Sesto: ogni stanza ha bisogno del suo climatizzatore. Installare un condizionatore potente in corridoio sperando che rinfreschi l’intera abitazione è inutile: l’unico risultato sarà quello di prendersi un colpo di freddo ogni volta che si attraversa il corridoio andando da una stanza all’altra, in quanto sarà il solo ambiente a essere raffrescato.

Settimo consiglio, scontato ma non troppo: non lasciare porte e finestre aperte. Il climatizzatore raffresca e deumidifica l’ambiente in cui è installato trasferendo il calore e l’umidità all’esterno. L’ingresso nella stanza di nuova aria calda obbliga l’apparecchiatura a compiere un lavoro supplementare per riportare la temperatura e l’umidità ai livelli richiesti, con un conseguente dispendio di energia.

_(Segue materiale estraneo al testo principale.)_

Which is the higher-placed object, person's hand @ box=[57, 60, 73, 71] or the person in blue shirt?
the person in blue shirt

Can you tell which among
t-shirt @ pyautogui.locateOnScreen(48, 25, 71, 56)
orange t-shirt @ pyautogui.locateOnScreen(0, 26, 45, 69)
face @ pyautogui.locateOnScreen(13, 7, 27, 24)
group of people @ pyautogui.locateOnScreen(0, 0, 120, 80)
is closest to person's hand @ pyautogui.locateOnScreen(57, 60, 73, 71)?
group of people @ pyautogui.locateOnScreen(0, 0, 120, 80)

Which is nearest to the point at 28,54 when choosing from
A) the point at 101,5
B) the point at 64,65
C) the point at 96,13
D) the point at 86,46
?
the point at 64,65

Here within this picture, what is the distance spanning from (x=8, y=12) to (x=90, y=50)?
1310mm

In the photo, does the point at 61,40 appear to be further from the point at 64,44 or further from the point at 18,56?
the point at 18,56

Ottavo: coibentare i tubi del circuito refrigerante all’esterno dell’abitazione. Se i tubi sono esposti direttamente ai raggi solari rischiano di danneggiarsi. Inoltre è opportuno assicurarsi che la parte esterna del climatizzatore non sia esposta completamente al sole e alle intemperie.

Nono consiglio: usare il timer e la funzione notte, riducendo al minimo il tempo di accensione dell’apparecchio. Inoltre, evitare di lasciare il climatizzatore acceso per l’intera giornata, ma solo quando si è presenti in casa.

Decimo: fate attenzione alla pulizia e alla corretta manutenzione dell’apparecchio. I filtri dell’aria e le ventole devono essere ripuliti alla prima accensione stagionale e almeno ogni due settimane, perché si tratta del luogo dove si annidano frequentemente muffe e batteri dannosi per la salute, quale il batterio della legionella che può essere mortale. È importante inoltre controllare la tenuta del circuito del gas.

Ecco quindi che seguendo questi semplici consigli su come ridurre i consumi dei condizionatori d’aria potrete godervi un’estate fresca senza danneggiare l’ambiente e senza spendere una fortuna in energia elettrica!